**ASSIGNMENT:** Copy out the data below verbatim.

**AVAILABLE RECORDS:**
********

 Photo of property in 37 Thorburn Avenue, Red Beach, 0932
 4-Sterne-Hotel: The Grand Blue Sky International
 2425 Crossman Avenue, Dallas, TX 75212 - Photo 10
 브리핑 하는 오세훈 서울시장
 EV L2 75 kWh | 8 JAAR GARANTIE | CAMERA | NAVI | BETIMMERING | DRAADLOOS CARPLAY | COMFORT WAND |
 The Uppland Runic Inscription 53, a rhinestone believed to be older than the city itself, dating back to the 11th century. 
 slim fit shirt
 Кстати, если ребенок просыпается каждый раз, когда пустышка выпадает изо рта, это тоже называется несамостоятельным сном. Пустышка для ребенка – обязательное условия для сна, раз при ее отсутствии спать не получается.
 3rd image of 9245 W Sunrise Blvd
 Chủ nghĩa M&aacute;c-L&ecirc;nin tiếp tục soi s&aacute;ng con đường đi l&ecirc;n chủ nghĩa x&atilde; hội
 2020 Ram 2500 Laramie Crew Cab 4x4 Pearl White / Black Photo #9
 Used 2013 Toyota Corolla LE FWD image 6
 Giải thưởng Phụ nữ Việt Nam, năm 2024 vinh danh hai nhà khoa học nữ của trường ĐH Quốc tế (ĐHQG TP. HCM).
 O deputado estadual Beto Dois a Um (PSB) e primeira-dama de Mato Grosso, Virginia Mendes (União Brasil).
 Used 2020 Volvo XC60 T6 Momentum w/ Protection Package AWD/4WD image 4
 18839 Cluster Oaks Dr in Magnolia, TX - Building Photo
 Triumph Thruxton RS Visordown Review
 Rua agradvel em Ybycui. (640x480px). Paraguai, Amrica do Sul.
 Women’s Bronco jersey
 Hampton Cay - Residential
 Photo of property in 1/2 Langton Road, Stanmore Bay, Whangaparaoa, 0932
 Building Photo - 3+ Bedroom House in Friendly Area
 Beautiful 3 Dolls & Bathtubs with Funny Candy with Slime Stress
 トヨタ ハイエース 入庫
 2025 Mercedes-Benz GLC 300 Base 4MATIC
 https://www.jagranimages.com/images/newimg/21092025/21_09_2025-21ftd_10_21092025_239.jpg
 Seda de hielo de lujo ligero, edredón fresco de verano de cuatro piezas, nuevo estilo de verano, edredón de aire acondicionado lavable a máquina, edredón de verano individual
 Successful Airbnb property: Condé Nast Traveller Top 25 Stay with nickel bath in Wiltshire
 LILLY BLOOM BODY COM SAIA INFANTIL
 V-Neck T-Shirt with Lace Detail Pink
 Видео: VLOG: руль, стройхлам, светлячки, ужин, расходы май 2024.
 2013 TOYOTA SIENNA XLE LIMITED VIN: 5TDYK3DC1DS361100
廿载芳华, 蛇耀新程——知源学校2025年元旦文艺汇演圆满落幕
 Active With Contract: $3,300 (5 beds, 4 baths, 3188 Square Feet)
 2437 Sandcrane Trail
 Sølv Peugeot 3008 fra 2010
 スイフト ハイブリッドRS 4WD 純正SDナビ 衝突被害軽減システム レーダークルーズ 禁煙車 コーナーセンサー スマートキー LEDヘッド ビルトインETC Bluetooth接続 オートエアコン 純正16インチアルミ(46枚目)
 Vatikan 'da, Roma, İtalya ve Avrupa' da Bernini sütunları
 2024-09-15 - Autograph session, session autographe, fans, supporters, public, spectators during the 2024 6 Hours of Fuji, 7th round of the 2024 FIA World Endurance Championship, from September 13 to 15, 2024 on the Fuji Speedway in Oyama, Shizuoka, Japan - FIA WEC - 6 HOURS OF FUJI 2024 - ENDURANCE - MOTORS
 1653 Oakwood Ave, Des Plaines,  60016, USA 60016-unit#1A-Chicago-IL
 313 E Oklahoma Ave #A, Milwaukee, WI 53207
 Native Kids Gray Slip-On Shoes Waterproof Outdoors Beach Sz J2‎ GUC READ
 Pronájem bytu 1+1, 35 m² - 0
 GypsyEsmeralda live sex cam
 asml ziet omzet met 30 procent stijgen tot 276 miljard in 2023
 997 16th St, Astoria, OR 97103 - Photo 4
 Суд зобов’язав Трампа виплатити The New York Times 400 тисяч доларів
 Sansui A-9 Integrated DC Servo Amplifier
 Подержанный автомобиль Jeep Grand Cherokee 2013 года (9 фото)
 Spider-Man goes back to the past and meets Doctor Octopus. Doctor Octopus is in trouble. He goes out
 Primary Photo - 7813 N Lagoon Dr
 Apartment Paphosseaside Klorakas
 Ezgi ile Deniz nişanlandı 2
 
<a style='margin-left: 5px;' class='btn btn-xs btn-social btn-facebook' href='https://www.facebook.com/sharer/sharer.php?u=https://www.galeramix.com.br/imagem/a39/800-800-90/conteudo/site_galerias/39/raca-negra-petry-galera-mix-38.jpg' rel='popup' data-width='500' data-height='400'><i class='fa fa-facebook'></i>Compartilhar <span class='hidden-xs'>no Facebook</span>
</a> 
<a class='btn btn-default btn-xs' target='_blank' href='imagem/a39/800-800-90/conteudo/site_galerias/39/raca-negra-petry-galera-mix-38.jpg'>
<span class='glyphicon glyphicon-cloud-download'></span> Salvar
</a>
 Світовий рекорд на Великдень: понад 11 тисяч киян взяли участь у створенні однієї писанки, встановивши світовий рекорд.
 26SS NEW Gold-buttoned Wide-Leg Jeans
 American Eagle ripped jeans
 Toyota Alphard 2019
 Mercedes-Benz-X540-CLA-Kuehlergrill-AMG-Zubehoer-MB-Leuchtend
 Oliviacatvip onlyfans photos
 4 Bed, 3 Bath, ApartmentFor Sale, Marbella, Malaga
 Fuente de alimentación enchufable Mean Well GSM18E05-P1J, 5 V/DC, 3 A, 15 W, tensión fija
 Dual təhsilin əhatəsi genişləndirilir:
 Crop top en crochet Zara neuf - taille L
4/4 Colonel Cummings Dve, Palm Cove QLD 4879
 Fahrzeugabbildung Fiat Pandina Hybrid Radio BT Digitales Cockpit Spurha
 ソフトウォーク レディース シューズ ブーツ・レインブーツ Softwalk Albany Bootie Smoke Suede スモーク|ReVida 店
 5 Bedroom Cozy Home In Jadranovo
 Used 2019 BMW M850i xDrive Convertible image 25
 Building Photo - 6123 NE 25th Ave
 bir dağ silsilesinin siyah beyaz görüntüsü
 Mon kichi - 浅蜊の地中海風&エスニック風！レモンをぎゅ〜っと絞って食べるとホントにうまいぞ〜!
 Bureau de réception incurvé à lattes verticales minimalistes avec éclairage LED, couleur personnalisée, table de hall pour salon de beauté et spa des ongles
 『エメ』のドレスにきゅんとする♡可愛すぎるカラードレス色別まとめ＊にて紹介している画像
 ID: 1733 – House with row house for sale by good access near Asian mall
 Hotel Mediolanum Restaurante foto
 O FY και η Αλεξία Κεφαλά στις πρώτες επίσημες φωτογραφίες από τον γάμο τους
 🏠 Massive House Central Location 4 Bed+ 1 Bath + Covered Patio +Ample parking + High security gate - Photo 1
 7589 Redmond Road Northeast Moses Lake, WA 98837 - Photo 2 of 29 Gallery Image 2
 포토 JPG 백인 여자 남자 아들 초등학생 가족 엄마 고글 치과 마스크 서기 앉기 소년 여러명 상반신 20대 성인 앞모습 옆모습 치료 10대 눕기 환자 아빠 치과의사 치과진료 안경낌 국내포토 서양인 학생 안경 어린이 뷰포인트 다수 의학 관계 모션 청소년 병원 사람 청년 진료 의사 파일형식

********

**TASK SOLUTION:**
 Photo of property in 37 Thorburn Avenue, Red Beach, 0932
 4-Sterne-Hotel: The Grand Blue Sky International
 2425 Crossman Avenue, Dallas, TX 75212 - Photo 10
 브리핑 하는 오세훈 서울시장
 EV L2 75 kWh | 8 JAAR GARANTIE | CAMERA | NAVI | BETIMMERING | DRAADLOOS CARPLAY | COMFORT WAND |
 The Uppland Runic Inscription 53, a rhinestone believed to be older than the city itself, dating back to the 11th century. 
 slim fit shirt
 Кстати, если ребенок просыпается каждый раз, когда пустышка выпадает изо рта, это тоже называется несамостоятельным сном. Пустышка для ребенка – обязательное условия для сна, раз при ее отсутствии спать не получается.
 3rd image of 9245 W Sunrise Blvd
 Chủ nghĩa M&aacute;c-L&ecirc;nin tiếp tục soi s&aacute;ng con đường đi l&ecirc;n chủ nghĩa x&atilde; hội
 2020 Ram 2500 Laramie Crew Cab 4x4 Pearl White / Black Photo #9
 Used 2013 Toyota Corolla LE FWD image 6
 Giải thưởng Phụ nữ Việt Nam, năm 2024 vinh danh hai nhà khoa học nữ của trường ĐH Quốc tế (ĐHQG TP. HCM).
 O deputado estadual Beto Dois a Um (PSB) e primeira-dama de Mato Grosso, Virginia Mendes (União Brasil).
 Used 2020 Volvo XC60 T6 Momentum w/ Protection Package AWD/4WD image 4
 18839 Cluster Oaks Dr in Magnolia, TX - Building Photo
 Triumph Thruxton RS Visordown Review
 Rua agradvel em Ybycui. (640x480px). Paraguai, Amrica do Sul.
 Women’s Bronco jersey
 Hampton Cay - Residential
 Photo of property in 1/2 Langton Road, Stanmore Bay, Whangaparaoa, 0932
 Building Photo - 3+ Bedroom House in Friendly Area
 Beautiful 3 Dolls & Bathtubs with Funny Candy with Slime Stress
 トヨタ ハイエース 入庫
 2025 Mercedes-Benz GLC 300 Base 4MATIC
 https://www.jagranimages.com/images/newimg/21092025/21_09_2025-21ftd_10_21092025_239.jpg
 Seda de hielo de lujo ligero, edredón fresco de verano de cuatro piezas, nuevo estilo de verano, edredón de aire acondicionado lavable a máquina, edredón de verano individual
 Successful Airbnb property: Condé Nast Traveller Top 25 Stay with nickel bath in Wiltshire
 LILLY BLOOM BODY COM SAIA INFANTIL
 V-Neck T-Shirt with Lace Detail Pink
 Видео: VLOG: руль, стройхлам, светлячки, ужин, расходы май 2024.
 2013 TOYOTA SIENNA XLE LIMITED VIN: 5TDYK3DC1DS361100
廿载芳华, 蛇耀新程——知源学校2025年元旦文艺汇演圆满落幕
 Active With Contract: $3,300 (5 beds, 4 baths, 3188 Square Feet)
 2437 Sandcrane Trail
 Sølv Peugeot 3008 fra 2010
 スイフト ハイブリッドRS 4WD 純正SDナビ 衝突被害軽減システム レーダークルーズ 禁煙車 コーナーセンサー スマートキー LEDヘッド ビルトインETC Bluetooth接続 オートエアコン 純正16インチアルミ(46枚目)
 Vatikan 'da, Roma, İtalya ve Avrupa' da Bernini sütunları
 2024-09-15 - Autograph session, session autographe, fans, supporters, public, spectators during the 2024 6 Hours of Fuji, 7th round of the 2024 FIA World Endurance Championship, from September 13 to 15, 2024 on the Fuji Speedway in Oyama, Shizuoka, Japan - FIA WEC - 6 HOURS OF FUJI 2024 - ENDURANCE - MOTORS
 1653 Oakwood Ave, Des Plaines,  60016, USA 60016-unit#1A-Chicago-IL
 313 E Oklahoma Ave #A, Milwaukee, WI 53207
 Native Kids Gray Slip-On Shoes Waterproof Outdoors Beach Sz J2‎ GUC READ
 Pronájem bytu 1+1, 35 m² - 0
 GypsyEsmeralda live sex cam
 asml ziet omzet met 30 procent stijgen tot 276 miljard in 2023
 997 16th St, Astoria, OR 97103 - Photo 4
 Суд зобов’язав Трампа виплатити The New York Times 400 тисяч доларів
 Sansui A-9 Integrated DC Servo Amplifier
 Подержанный автомобиль Jeep Grand Cherokee 2013 года (9 фото)
 Spider-Man goes back to the past and meets Doctor Octopus. Doctor Octopus is in trouble. He goes out
 Primary Photo - 7813 N Lagoon Dr
 Apartment Paphosseaside Klorakas
 Ezgi ile Deniz nişanlandı 2
 
<a style='margin-left: 5px;' class='btn btn-xs btn-social btn-facebook' href='https://www.facebook.com/sharer/sharer.php?u=https://www.galeramix.com.br/imagem/a39/800-800-90/conteudo/site_galerias/39/raca-negra-petry-galera-mix-38.jpg' rel='popup' data-width='500' data-height='400'><i class='fa fa-facebook'></i>Compartilhar <span class='hidden-xs'>no Facebook</span>
</a> 
<a class='btn btn-default btn-xs' target='_blank' href='imagem/a39/800-800-90/conteudo/site_galerias/39/raca-negra-petry-galera-mix-38.jpg'>
<span class='glyphicon glyphicon-cloud-download'></span> Salvar
</a>
 Світовий рекорд на Великдень: понад 11 тисяч киян взяли участь у створенні однієї писанки, встановивши світовий рекорд.
 26SS NEW Gold-buttoned Wide-Leg Jeans
 American Eagle ripped jeans
 Toyota Alphard 2019
 Mercedes-Benz-X540-CLA-Kuehlergrill-AMG-Zubehoer-MB-Leuchtend
 Oliviacatvip onlyfans photos
 4 Bed, 3 Bath, ApartmentFor Sale, Marbella, Malaga
 Fuente de alimentación enchufable Mean Well GSM18E05-P1J, 5 V/DC, 3 A, 15 W, tensión fija
 Dual təhsilin əhatəsi genişləndirilir:
 Crop top en crochet Zara neuf - taille L
4/4 Colonel Cummings Dve, Palm Cove QLD 4879
 Fahrzeugabbildung Fiat Pandina Hybrid Radio BT Digitales Cockpit Spurha
 ソフトウォーク レディース シューズ ブーツ・レインブーツ Softwalk Albany Bootie Smoke Suede スモーク|ReVida 店
 5 Bedroom Cozy Home In Jadranovo
 Used 2019 BMW M850i xDrive Convertible image 25
 Building Photo - 6123 NE 25th Ave
 bir dağ silsilesinin siyah beyaz görüntüsü
 Mon kichi - 浅蜊の地中海風&エスニック風！レモンをぎゅ〜っと絞って食べるとホントにうまいぞ〜!
 Bureau de réception incurvé à lattes verticales minimalistes avec éclairage LED, couleur personnalisée, table de hall pour salon de beauté et spa des ongles
 『エメ』のドレスにきゅんとする♡可愛すぎるカラードレス色別まとめ＊にて紹介している画像
 ID: 1733 – House with row house for sale by good access near Asian mall
 Hotel Mediolanum Restaurante foto
 O FY και η Αλεξία Κεφαλά στις πρώτες επίσημες φωτογραφίες από τον γάμο τους
 🏠 Massive House Central Location 4 Bed+ 1 Bath + Covered Patio +Ample parking + High security gate - Photo 1
 7589 Redmond Road Northeast Moses Lake, WA 98837 - Photo 2 of 29 Gallery Image 2
 포토 JPG 백인 여자 남자 아들 초등학생 가족 엄마 고글 치과 마스크 서기 앉기 소년 여러명 상반신 20대 성인 앞모습 옆모습 치료 10대 눕기 환자 아빠 치과의사 치과진료 안경낌 국내포토 서양인 학생 안경 어린이 뷰포인트 다수 의학 관계 모션 청소년 병원 사람 청년 진료 의사 파일형식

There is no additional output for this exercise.